= Papyrus Vindobonensis Graecus 39777 =

The Papyrus Vindobonensis Graecus 39777 signed as Sym^{P.Vindob.G.39777} is a fragment of a Greek manuscript of the Psalms of the translation of Symmachus. It was written on papyrus in a scroll form. The papyrus contains fragments of Psalm 69 and Psalm 81 (as the numeration of the Septuagint is Psalms 68 and 80). The P.Vindob.G.39777 is dated to late third century or beginning fourth century AD. This manuscript probably comes from Faiyum in Egypt.

== History ==

It was published by Dr. Karl Wessely in his work Studien zur Palaeographie und Papyruskunde, Vol. XI., Leipzig, 1911, p. 171.

== Description ==

The manuscript probably originally contained large portions of the Book of Psalms. The traduction of Symmachus was a part of the Hexapla and Tetrapli, the work contains the translations of the Hebrew to Greek Bible, it was written by Origen.
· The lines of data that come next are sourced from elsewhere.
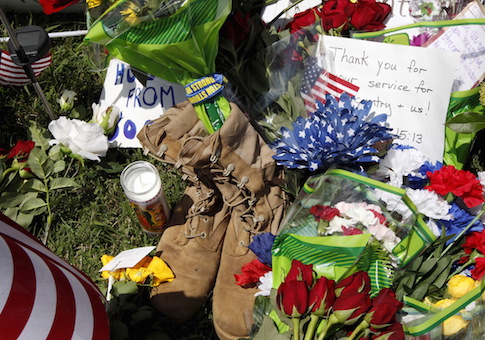 Items left at a memorial at the Armed Forces Career Center are seen in Chattanooga, Tennessee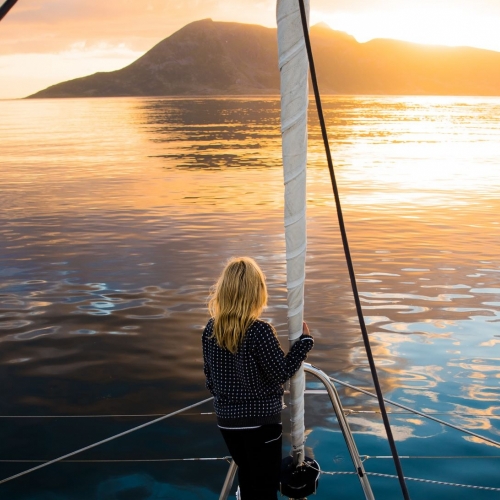 Woman standing on the edge of a boat in the Midnight Sun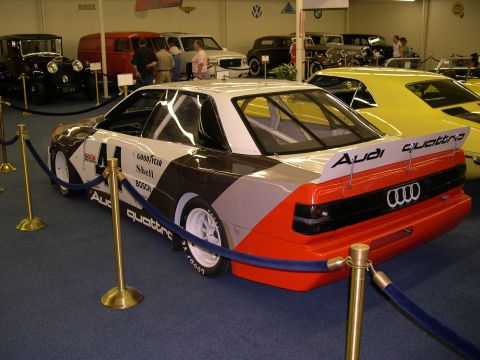 2002 Ford Focus - A white, brown, and orange Audi Quattro race car is displayed indoors with other vehicles.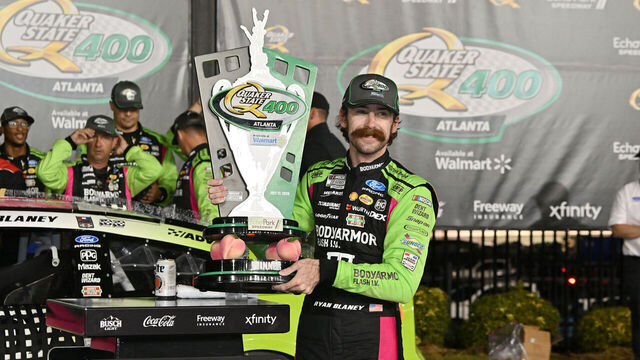 ATLANTA, GA - JULY 12: Ryan Blaney (#12 Team Penske Body Armor Flash I.V. Ford) celebrates in Victory Lane during the running of the NASCAR Cup Series Quaker State 400 on July 12, 2026, at EchoPark Speedway in Hampton, GA.
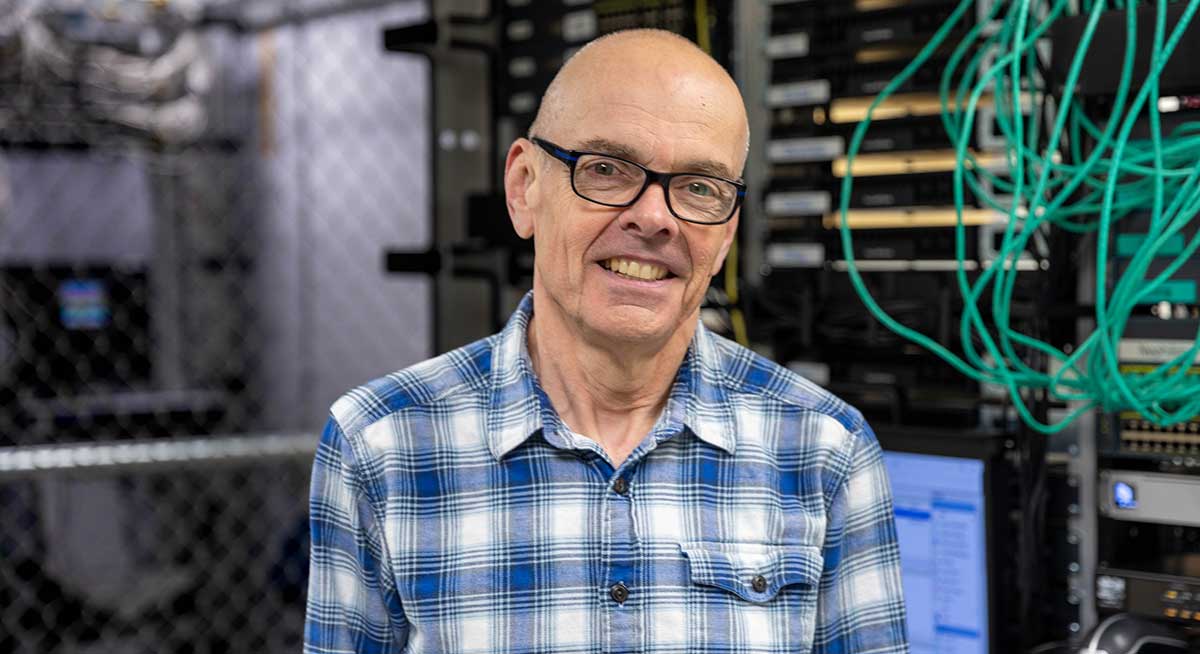 Stefan Apperson pictured in front of IT equipment.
According to Bruce M. Metzger, the Greek translation of Hebrew Bible prepared by Symmachus was realised with a different method that the translation of Aquila, because his intention was not a literal translation, rather an elegant message from the Hebrew to Greek text.

=== Tegragrammaton ===

The papyrus contains the tetragrammaton written in archaic Hebrew characters in Ps 69:13, 30 and 31.

== Location ==

The Papyrus Vindobonensis Graecus 39777 is kept at the Papyrus Collection of the Austrian National Library at Vienna ('Vindobonensis' is Latin for 'from Vienna') as (P. Vindob. G. 39777).